Page 31 of Junk Magic

“Are you all right?”

The words were benign, but the sound wasn’t. Oh, God, it so wasn’t. It was unbearably loud, as if the man was shouting in my face with a bullhorn.

I tried retreating, but I was already backed up against a building. I couldn’t go anywhere. And they were all crowding in now, suffocatingly close, these weird people with their loud voices and their grabby hands and their springy giraffe necks—

“She’s not all right,” a woman bellowed. And, suddenly, there she was, with a tiny face, but huge sparkly red lips, and brilliantly white teeth the size and shape of a donkey’s, and an enormously long tongue that snaked out when she spoke again. “Grab her—”

“Auggghhh!” I lashed out, not with anything lethal, because they hadn’t hurt me yet, and training held. But it was a shockwave spell, forceful enough to push them back. And with the bizarre world I’d fallen into, they looked like they literally flew away.

I didn’t waste any time. I ran. Although that caused its own set of problems.

One minute, my feet felt like they were melting into the pavement, making every step a sucking nightmare. The next, it was as if I’d affixed clouds to my soles, causing me to levitate off the concrete. And while it’s not easy to run through melting tar, it’s even harder on air.

Not surprisingly, I wasn’t making great time, something complicated by the approach of two more distorted figures in police uniforms.

That would have been fine; I wasn’t hurting anyone, after all. Only they didn’t seem to think so. I kept trying to get away, sucking footsteps and all, and they kept following and harassing me. Until I finally had enough and stuck them to a wall with a web spell.

I staggered off down an alley, which was a mistake because it led straight into Fremont Street, and the neon extravaganza arching overhead. Viva Vision, as it was called, was usually a tacky, but colorful, addition to the old-time Vegas ambiance. Arching across the home of penny slots and mile long beers, it was a world away from the upscale glitz of the Strip.

But tonight . . . tonight it was hell.

Music boomed from multiple stages, loud enough to deafen me. People crowded in from all asides, jostling me. And neon pink fireworks exploded overhead, dazzlingly bright.

I stared up at them, completely overwhelmed. I knew they were just a light show projected onto a LED covered canopy, but they looked amazingly real. And just like with the giraffe necks, they were telescoping down at me, until it felt like being caught in a war-time barrage. Or as if I’d flown up into the middle of an actual firework display.

Maybe I had. Colorful bursts detonated everywhere, including under my feet, making it impossible to run or even walk. Not that I probably would have been able to anyway, as I couldn’t feel my feet anymore. I didn’t know where to go or what to do, and I couldn’t see anything, except brighter and brighter explosions, bursting in front of my vision, blinding me. While their boom-boom-boom reverberated deafeningly in my head.

I fell, what felt like miles, face planting into the middle of the street screaming and flailing as the sensory overload intensified. Hideous things dove at me, colors shouted at me and the ground convulsed underneath me. All while I tried to concentrate long enough to fling the spells to make it stop, to make it all stop!

But instead, somebody else did.

A spell whispered around me, soft and silent, but powerful enough to have made my hackles rise on another occasion. Not tonight. Tonight, I grabbed hold of it like a child with a favorite teddy bear, dragged it closer, tried to bury myself in it. Because where the spell went, darkness and silence followed.

I felt strong arms lifting me, whose I couldn’t tell, because the spell was making everything hazy. It was as if a black blanket had been thrown over my head, but with a thin weave, allowing me to get glimpses through the fabric.

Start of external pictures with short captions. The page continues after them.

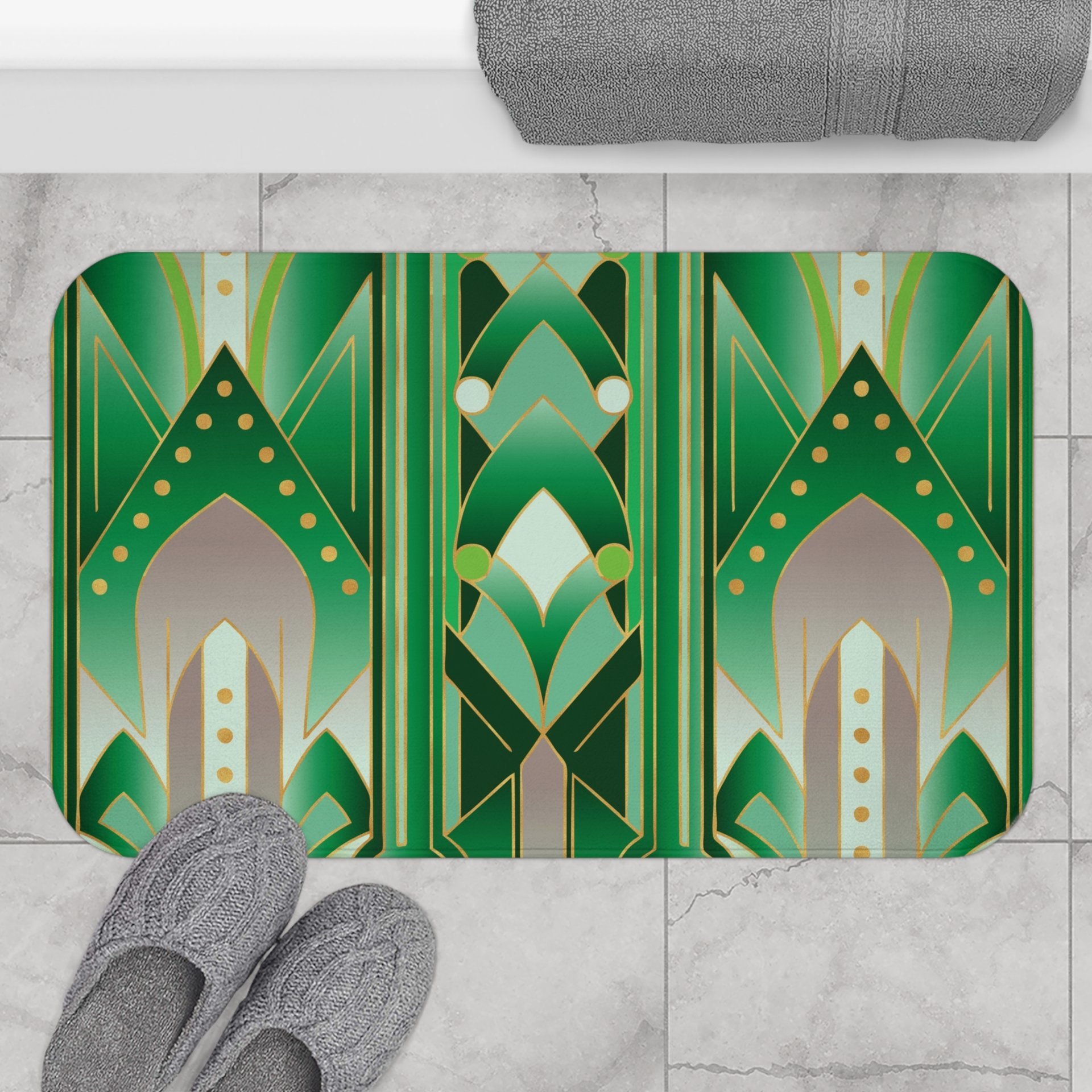 Emerald Green Art Deco Bat Mat Large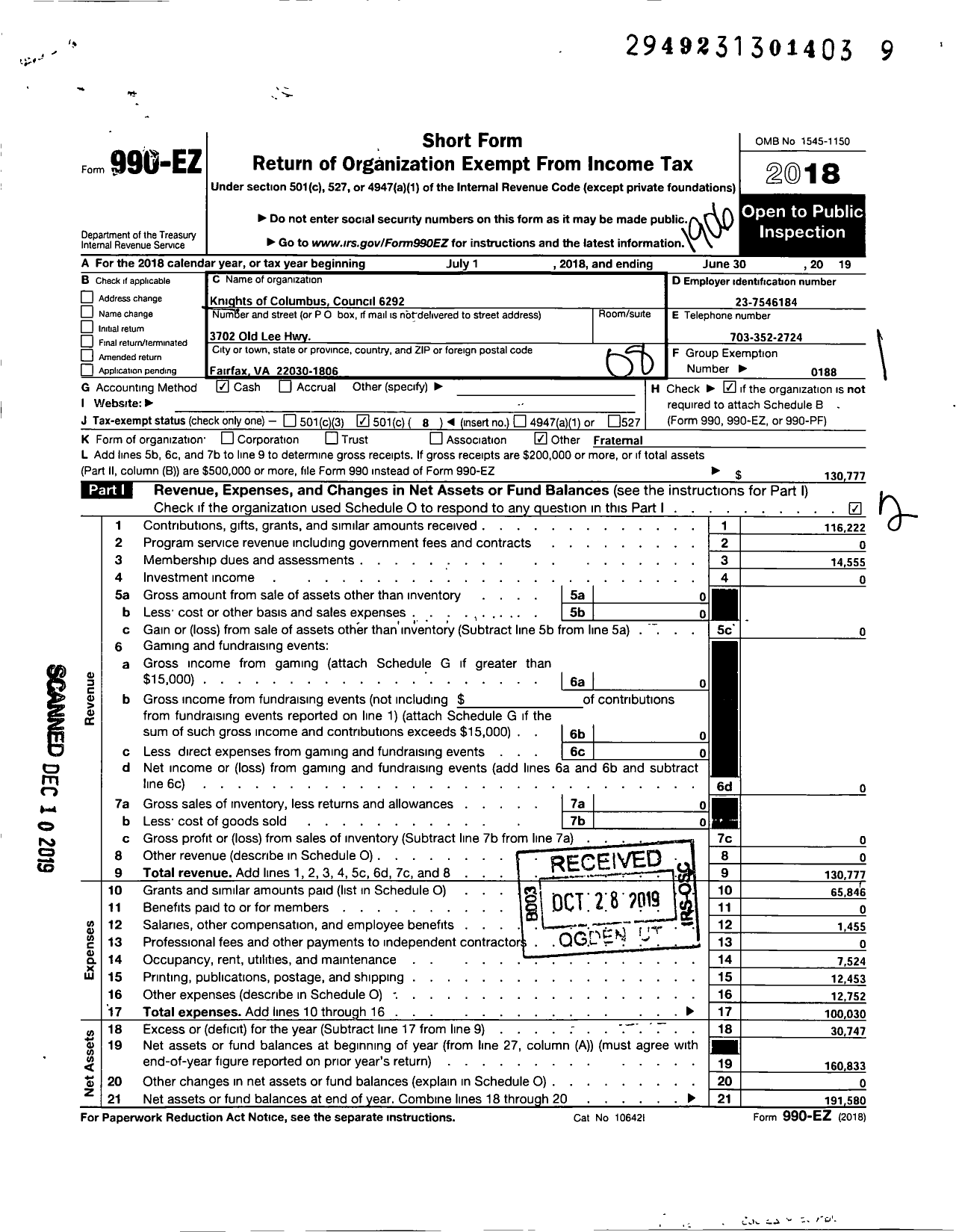 Image of first page of 2018 Form 990EO for Knights of Columbus - 6292 FR Francis Diamond Council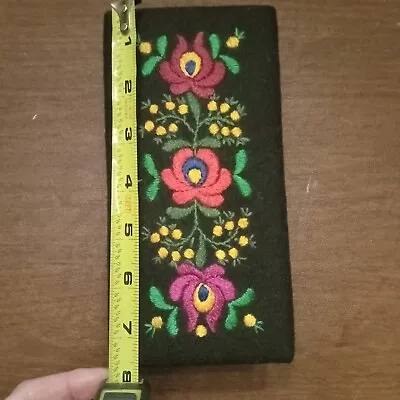 Hungarian Matyo Style Black Wool Felted Storage Keepsake Box Embroidered Flowers • $35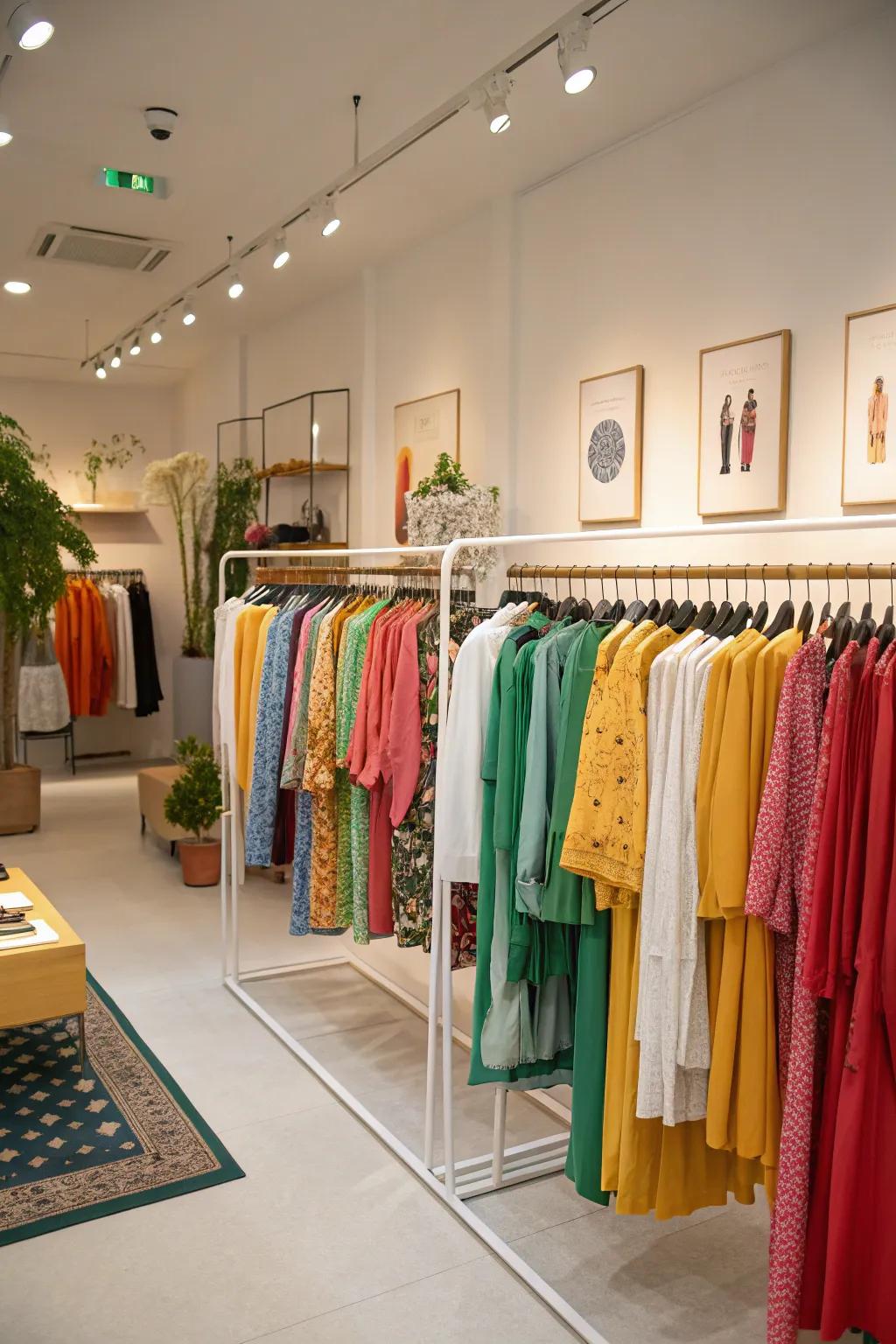 Classy apparel hangers enhance the presentation of garments in a temporary store.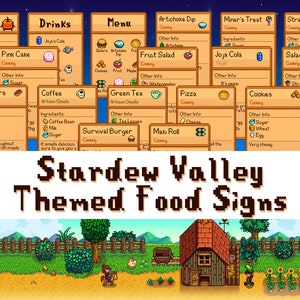 Pu&ograve; includere: Un'illustrazione digitale di cartelli di cibo a tema Stardew Valley. I cartelli sono pixelati e presentano vari cibi del gioco, come torta rosa, insalata di frutta, caff&egrave;, t&egrave; verde e pizza. I cartelli sono posizionati su uno sfondo di scena di fattoria con una fattoria, una recinzione e un campo di girasoli.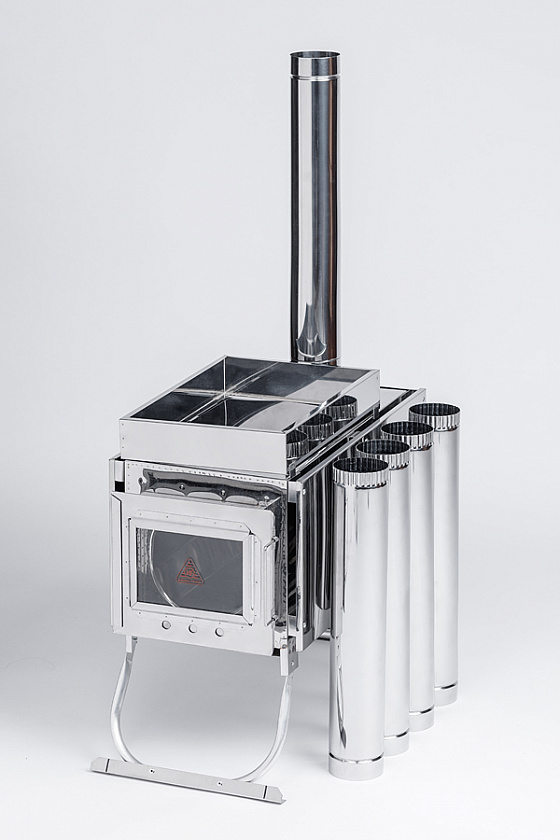 Печь-камин для палатки туристическая ИНВЕНТ (М), стационарные экраны 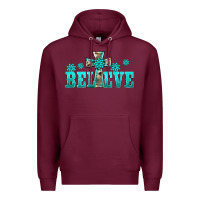 Burgundy western turquoise's gemstones cross believe Premium Hoodie - BarkalooDesign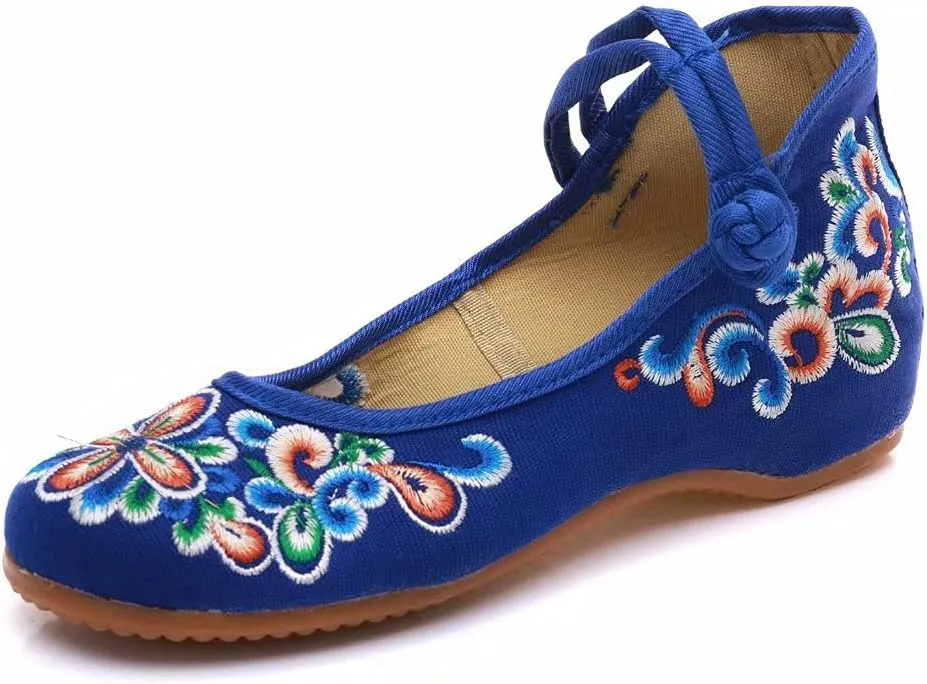 ZTWUTANG Women's Floral Embroidered Flat Shoes Pointed Toe Low Heel Mary Jane Shoes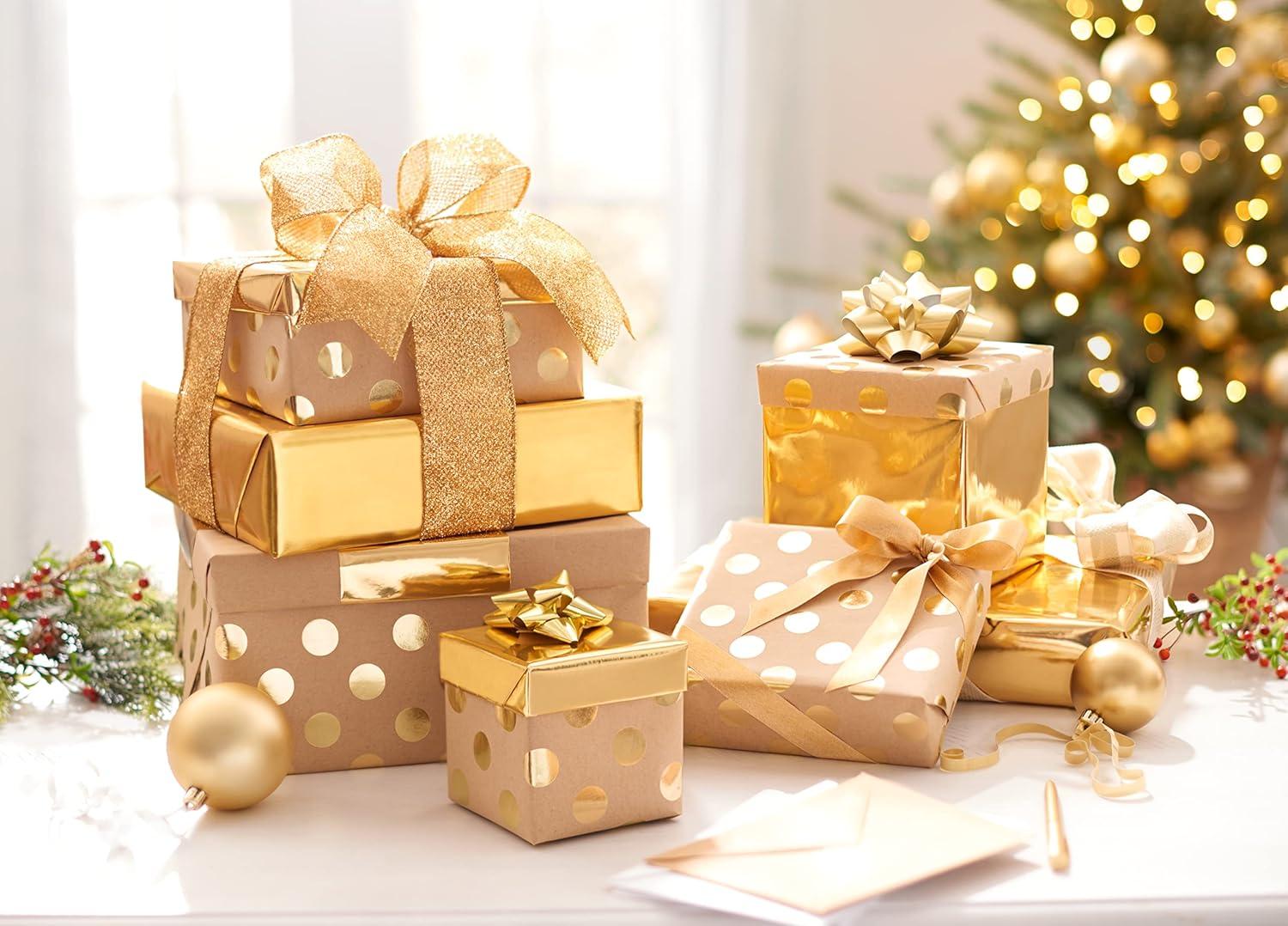 imageAmerican Greetings Vintage Kraft Christmas Wrapping Paper Rolls Red Green and Brown Kraft Holiday Gift Wrap 80 sq ft 4 Rolls30 in x 8 ft Holly Berries Stripes Dots SnowflakesKraft and Gold Polka Dots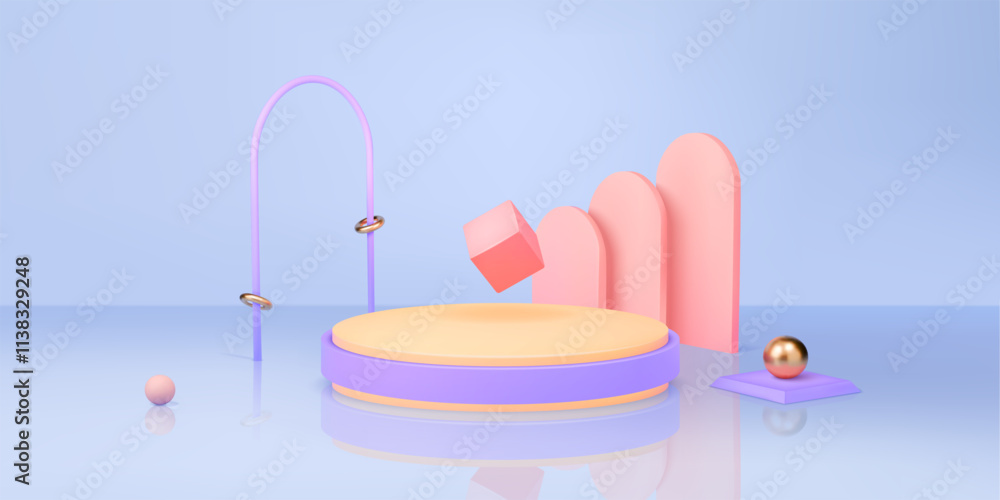 Aufkleber abstract podiums. geometric playground scene, block and pastel ball pedestal with steps and shelf. m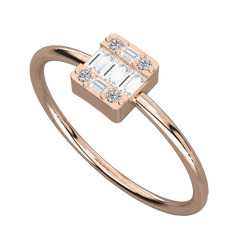 Top view 0.40 CT Baguette Cut Unique Moissanite Ring for Women, Baguette Cut Diamond Ring, Moissanite Ring for Women, 0.40 CT Diamond Ring, Rose Gold Diamond Ring....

I closed my eyes; I didn’t want glimpses.

And then the spell tightened, and I was gone.

Chapter Nine

I knew where I was before I opened my eyes. “Crap.”

“She’s awake,” a familiar voice said.

I hauled myself the rest of the way back to consciousness and saw the Corps’ leading physician, Arturo Sedgewick, bending over me. The rotund little doctor was scowling, which was par for the course since the war had flooded his clinic with patients. Sedgewick was more into research than healing, which was just as well considering his bedside manner.

Typically, he shoved me back down when I tried to sit up. “Stay there. Or I’ll have you strapped to the bed.”

I would have had something to say about that, but the room was spinning hard enough to make me dizzy. And his nose, already fairly pointy, kept growing and stabbing out at me at random intervals. It made me want to duck and dodge, like sword fighting Pinocchio. I refrained and closed my eyes again.

Only to hear Hargroves clear his throat on the other side of me.

Great.

“Is she lucid?” he demanded.

“As much as she’ll be for a while,” Sedgewick said dourly. “She’s lucky to be alive. That dose would have killed anyone else. Were physiology truly is amazing.”

I sat up abruptly at that, despite the threat, because Sedgewick was known for being a little too interested in Were physiology. He’d gotten into trouble not too long ago for doing a forbidden autopsy on a dead Were, and I didn’t want to be next. Although it felt like I might be, any minute now.